Often the world is too much for me and I can’t think beyond the swirling thoughts in my head. I think twenty times about every step I take and every thought goes through my head a hundred times more.
Right, wrong, right, wrong.
Really wrong. Really right.
Error. Error. Error.
Stop! There is no right or wrong.
And yet I feel often I am doing things wrong. I get tangled up. What about the other people? They are also doing things wrong but they think it is right or at least they don’t feel so bad about it. They believe that sometimes you can do wrong, because it’s just very difficult to always do it right. The world is not black and white, you can’t control everything, so nothing is in that sense really wrong. Actually, some people think there is only good. That most people are good. Like Rutger Bregman wrote in his book ‘De meeste mensen deugen’. People generally want to do good so there must be a reason for it if they are doing things wrong.
I can’t remember the times when only good existed in my mind. It must have been when I was a little kid. Innocent and full of joy. A tabula rasa.
Then I learned that in addition to ‘right’ there was also ‘wrong’. There was good, but also bad. Positive and negative. But it was ok. Everything was allowed to exist and overall I still had the idea that the world was good. And if it wasn’t good, I tried to make it good. When my classmates were bullying someone else, I stood up for the bully victim. If there was injustice, I had no problem saying that out loud: “That’s not fair!” However, after my teenage years it started to get more difficult. More and more people became involved who all had their own opinions and agendas. I understood that power is not evenly distributed in the world. Also, more and more knowledge was added and as a result, more and more thoughts ran through my head. I feel that after the terrorist attacks in 2001, my worldview has changed forever.
I started to care about people and also about what they do. And I wanted to know why they do what they do.
So I started studying psychology. I did not only care about my family, my friends, my classmates, the people in my neighbourhood or the people on the streets. I also started caring about all the other people in the world. Mostly I felt sad about all the suffering people and angry about all the people who caused the suffering. Including myself. Because firstly, I am also a human being and secondly, like everyone else, I am part of a group of people with a history. Shortly summarised: I realised I am privileged.

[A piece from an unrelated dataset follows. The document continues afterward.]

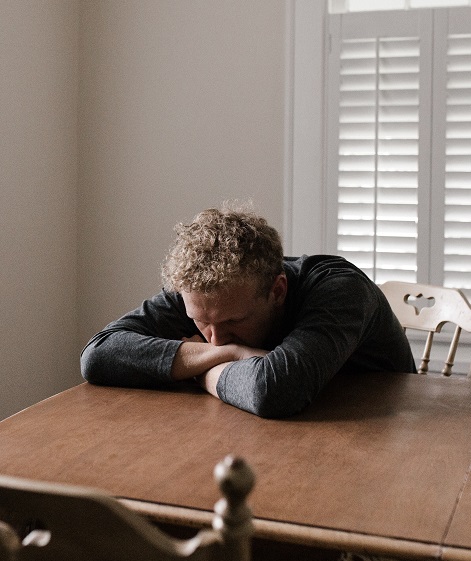 A person at a table while deep in thought.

My own mind started speaking more and more to me. Sometimes sweet, sometimes angry, sometimes disappointed, sometimes sad. Sometimes condemning and sometimes hurtful. Sometimes cheerful and full of joy. Sometimes optimistic and sometimes very pessimistic. I wanted to believe that people are good, that I am good and that the world is good. I like people but people are also complicated. For me at least. They don’t do that on purpose. They just are.
Or in fact, maybe it’s me who is complicated, not the people. And I don’t understand their simplicity.
Sometimes my thoughts stand still. Ahhh silence! Delicious! Like I am on vacation in my own head. What do you do when everything in life feels so intense? I found out when I started making art. Art gave me a tool to organise my thoughts and feelings, to ask questions and investigate humans in my own lab. Art gives my concerns the space to exist, but also makes them diminish in strength until the point of acceptance. I talked to my psychologist about all my thoughts and she said: you seem to want to figure out how you relate to people and how they relate to you. My ears were chattering. Did this psychologist read my artist statement?
I learned recently from my psychologist there are more people like me. They are called the highly sensitive people. I felt relieved because I now understood why I’ve always struggled so much with all those thoughts in my mind and why I care so much about people and what they do. I discovered it – you might say – by accident because something happened to me last year. I got a serious climate depression after seeing a work of art and listening to the news about the forest fires. I realized more than ever how we treat each other and our planet and it made my head spin.
What are we doing?
What am I doing?
I don’t understand.
The sea. The trees. The animals.
They don’t understand either.
Everything became too intense to me. The sounds, the light, the people, the city, the cars, the planes, the cyclists, the words, the gestures, the facial expressions, overwhelming feelings. I thought the city was ugly and the people are ridiculous. Unconscious zombies who are controlled by desires. First I thought this was something completely different from what I have felt before, but then I realised I had this already since I was a little child. I have experienced these intense feelings before, although this feeling is the most intense so far.
Normally art could help me calm my mind and answer my questions. But this time nothing seemed to help against this intensely fatalistic and pessimistic feeling that washed over me and I knew I had to go deeper. So I’m going to do that. In my next art project, I’m going on a journey to delve deeper into my feelings about the climate, the ethics of human behavior, and really, the meaning of life. I look for hope and acceptance of what is. A serious subject but something that I’m sure will bring something positive. Because without darkness there is no light.